Restore a Filesystem from a Backup#
In the event of a disaster and the filesystem needs recovering, this document covers those steps for the cloud providers.
AWS#
Restoring home directories from an EFS recovery point#
Note
We follow AWS’s guidance for restoring EFS from a recovery point
Due to the length of the steps listed in that document, we will not repeat them here.
Restoring home directories from EBS snapshots#
On AWS, the EBS volumes used for home directories are backed up using Data Lifecycle Manager (DLM). This means that we can restore home directories from a snapshot if they are deleted or corrupted.

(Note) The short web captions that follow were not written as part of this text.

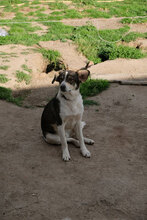 JOEWELSH, Hund, Mischlingshund in Bulgarien - Bild 2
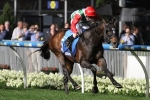 Golden Slipper winners team up in William Reid Stakes Golden Slipper winners team up in William Reid Stakes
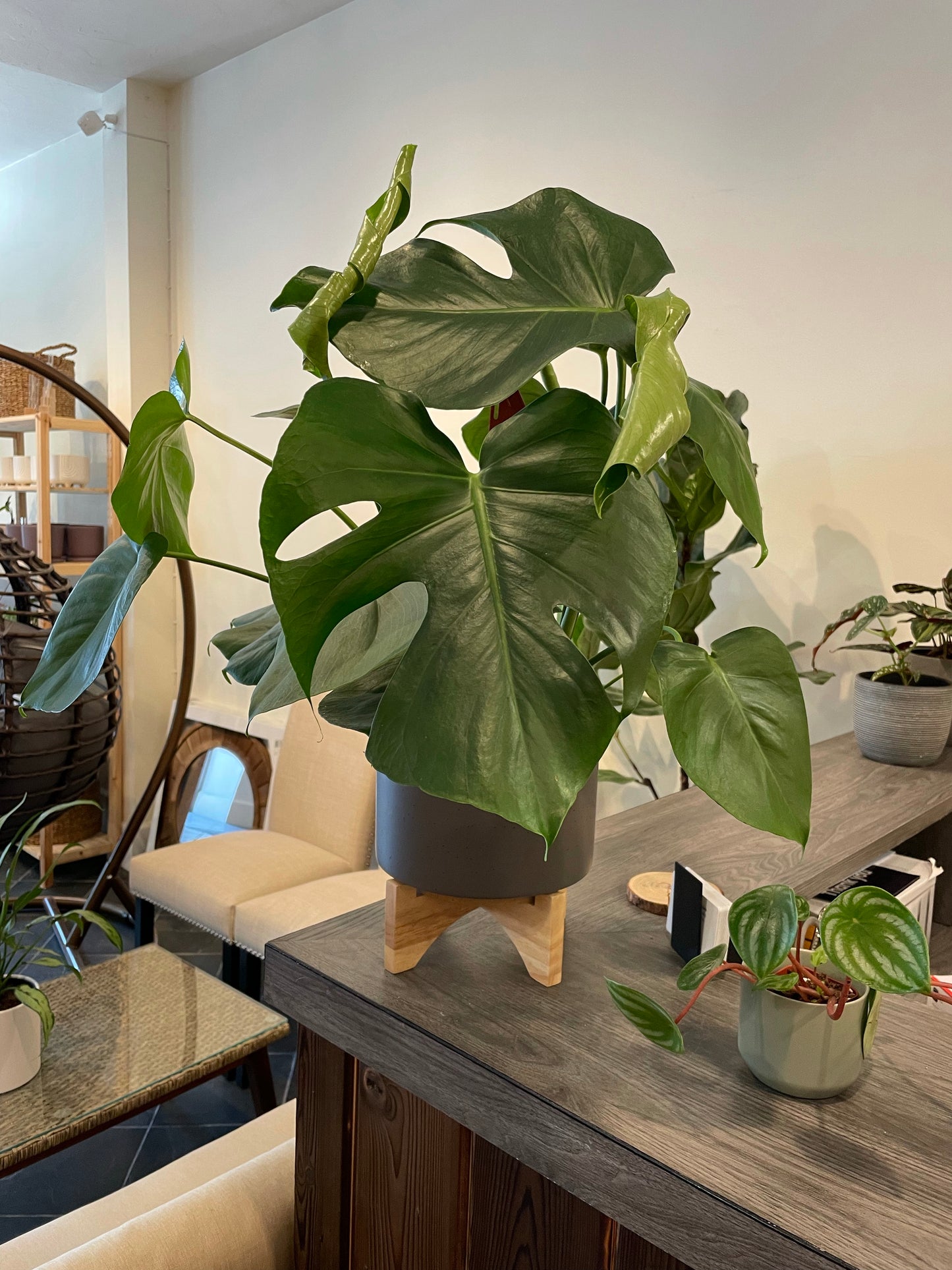 Monstera Deliciosa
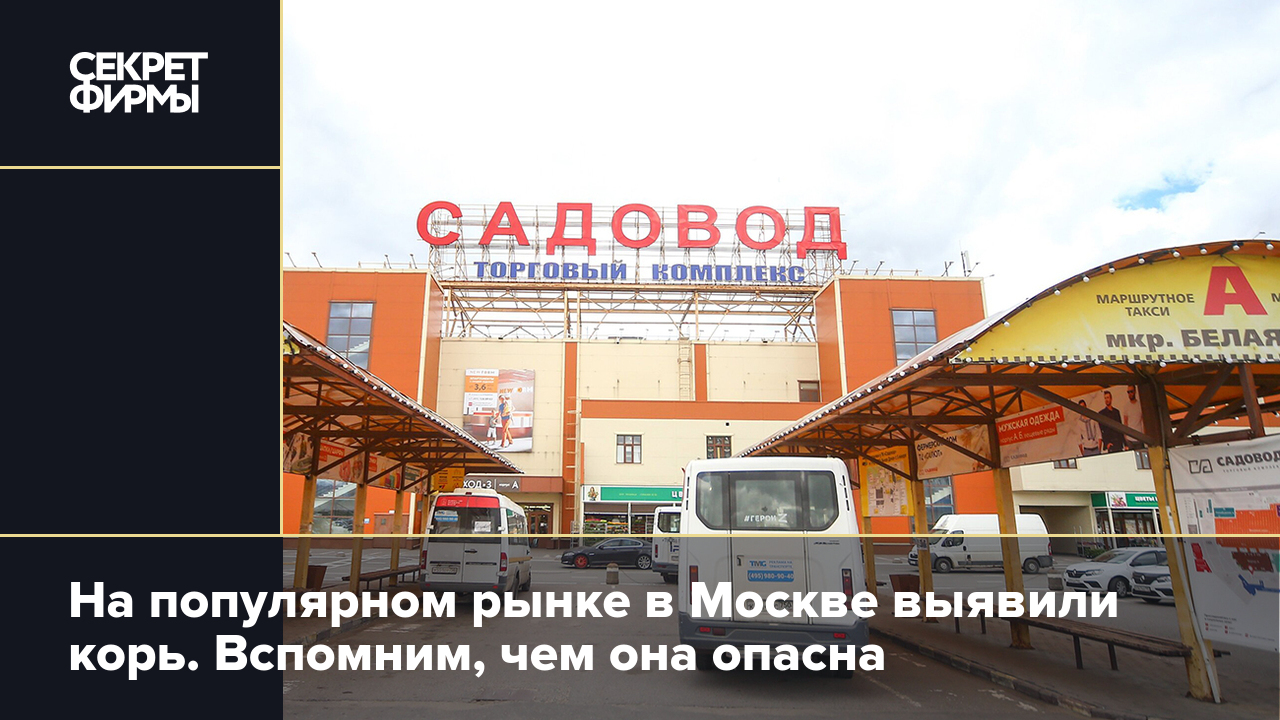 Корь на рынке «Садовод» в Москве: чем опасна болезнь — Секрет фирмы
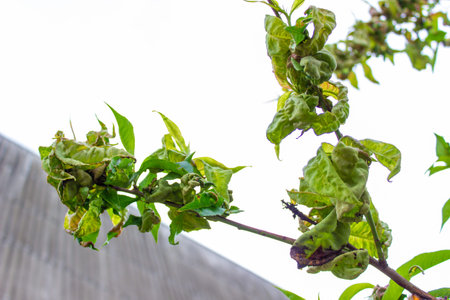 tree leaf disease, twisted peach tree leaves. selective focus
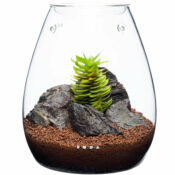 DOOA Glass Pot SHIZUKU - Image 2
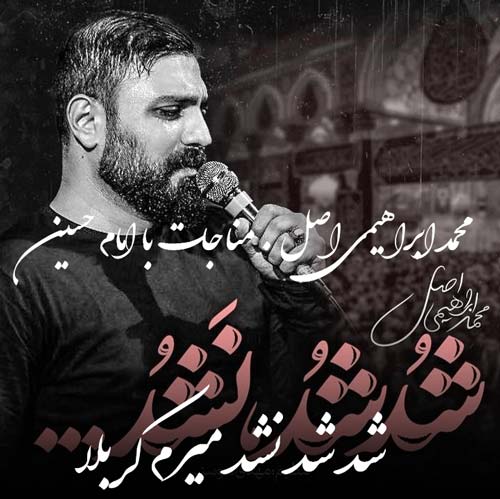 محمد ابراهیمی اصل شد شد نشد میرم کربلا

To restore a home directory from a snapshot, we need to create a new EBS volume from the snapshot, mount it to the EC2 instance attached to the existing EBS volume containing the NFS home directories, and then copy the contents from the restored EBS volume to the NFS home directories volume.
Note
Please follow AWS’s guidance for restoring EBS volumes from a snapshot to create a new EBS volume from the snapshot.
Once we have created a new EBS volume from the snapshot, we can use the deployer exec root-homes
command to mount the new EBS volume to a pod along with the existing NFS home directories volume.
deployer exec root-homes $CLUSTER_NAME $HUB_NAME --additional-volume-id=<new-ebs-volume-id> --additional-volume-mount-path=/restore-volume
Now, the NFS home directories volume is mounted to the pod along with the new EBS volume. We can now copy the contents from the restored EBS volume to the NFS home directories volume.
If we want to do a full restore and/or we are restoring data to a new and empty NFS home directories volume, we can use the following command to copy everything from the restored EBS volume to the NFS home directories volume.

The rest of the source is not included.